Working at the Chihuly Garden and Glass was beneficial in the sense that it exposed me to some really fascinating and truly remarkable creative folks. What I miss the most is the laughs and the enriching brainstorms we would have with one another in the galleries about projects we were developing or dreaming about.
It really helped me push myself to expand on my creativity and experiment with different subject matters. One such case is I was leaving work one night and was walking under the giant red statue in Seattle Center when I looked over to my left at the “76” gas station. It was lit amongst the blackness, and deserted. I was really captivated with it’s quiet & eerie sense of existence. I saw it as a beautiful thing that is overlooked, taken for granted, and haunting. It was there that I came up with the idea of photographing Seattle after nightfall. Catching buildings or signs that are a part of the city, but not necessarily always celebrated. Some of it is unique (Elephant Car Wash, City Market, the Marquee lit Rite-Aid), and some of it is a static staple to a city (gas stations, McDonald’s, etc.).

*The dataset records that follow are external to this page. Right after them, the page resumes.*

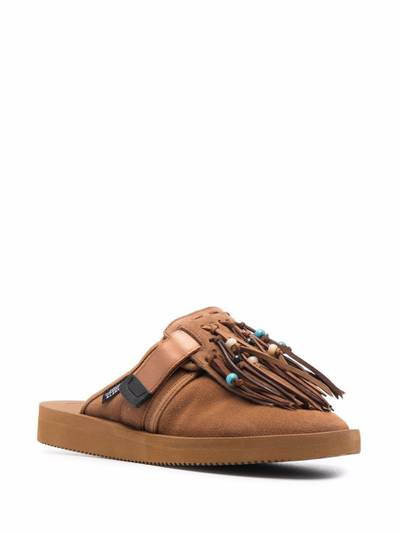 Alanui Zavo fringed Suikoke slippers outlook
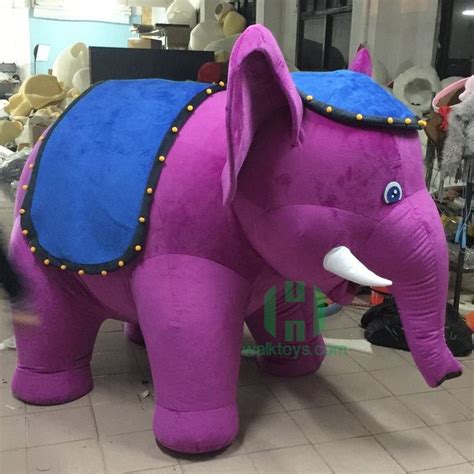 3L*1.8W*1.2hm Inflatable Elephant Mascot Costume for Adult - China ...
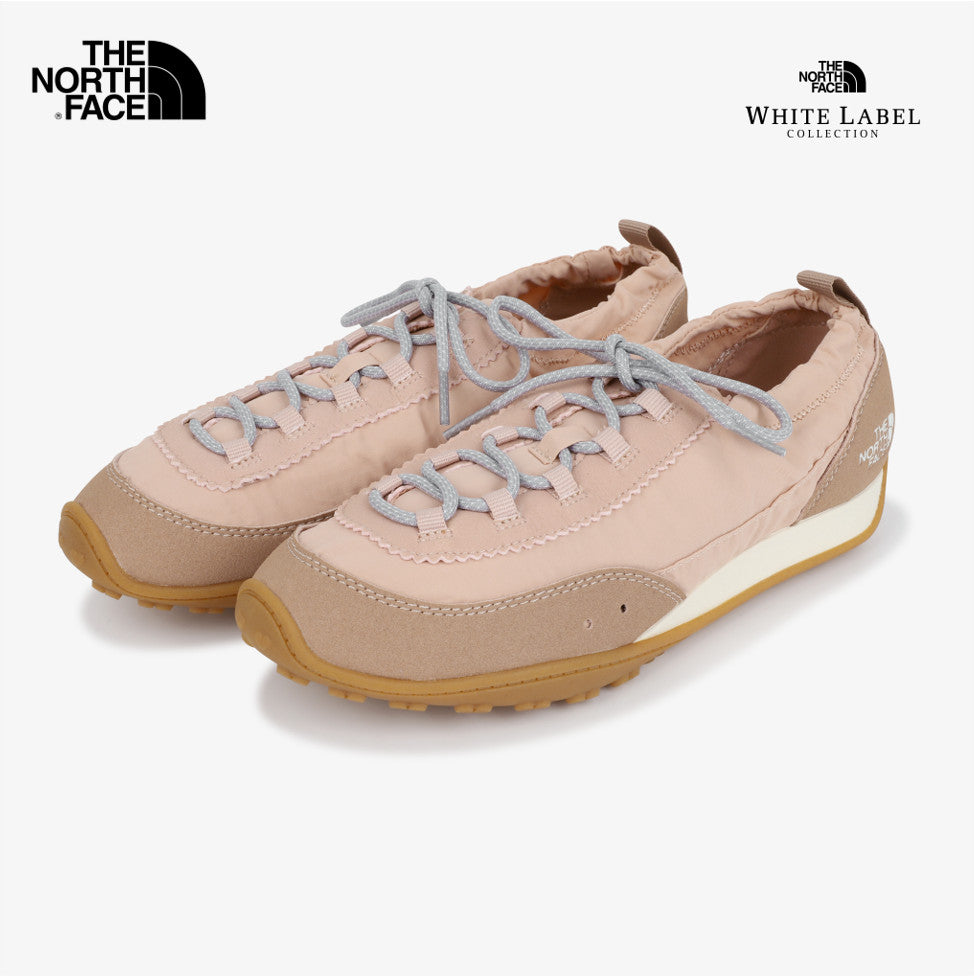 NEW THE NORTH FACE WHITE LABEL CLYFFE LOW SNEAKERS NS94S61O GRAYISH PINK UNISEX SIZE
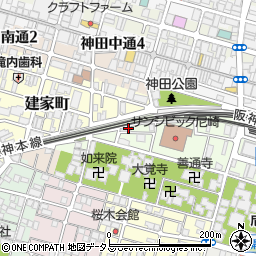 兵庫県尼崎市西御園町140周辺の地図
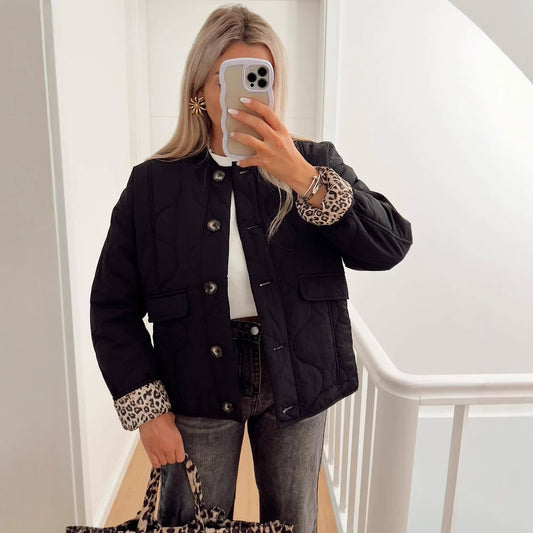 Women's Quilted Button Cotton Fashion Comfortable Retro Jackets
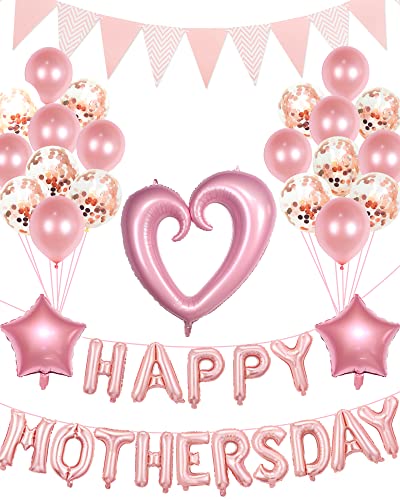 61% Off Mother's Day Balloon Set - Pink & Gold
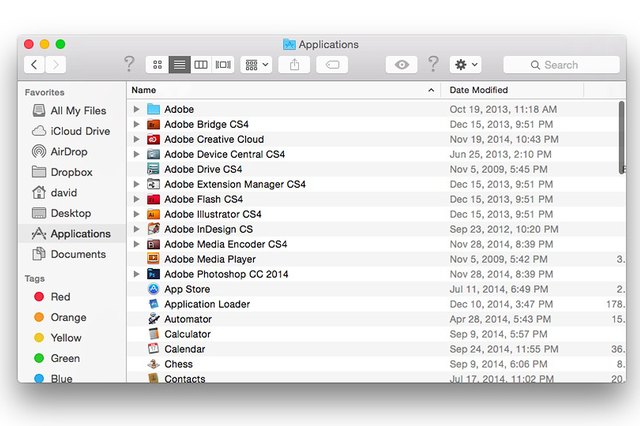 mac os finder show hidden files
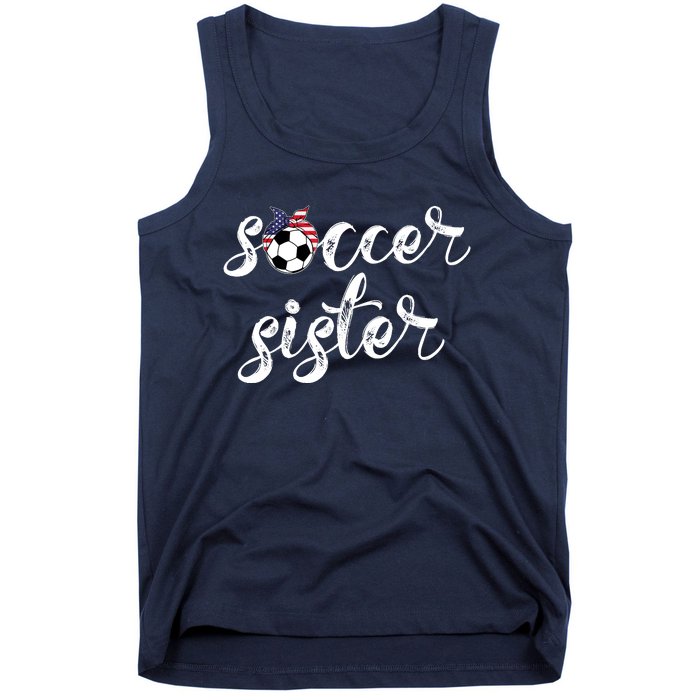 Soccer Sister Gift Football Jersey For Sibling Futbol Player Tank Top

The project is called “Seattle: Aftah Dahk” and must have the New England accent attributed to it :) A way to fold the country in half and have both ends together. A representation of where I am, and where I was.
I spent two nights during Labor Day weekend 2018 skulking around Seattle, being a night-stalker with my camera and tripod. Talking to people that were curious about my project, but mostly trying my best to be amongst the shadows. Photographing places that are a part of my life; places that are in my neighborhood that I see daily. This is in a sense an indirect self-portrait.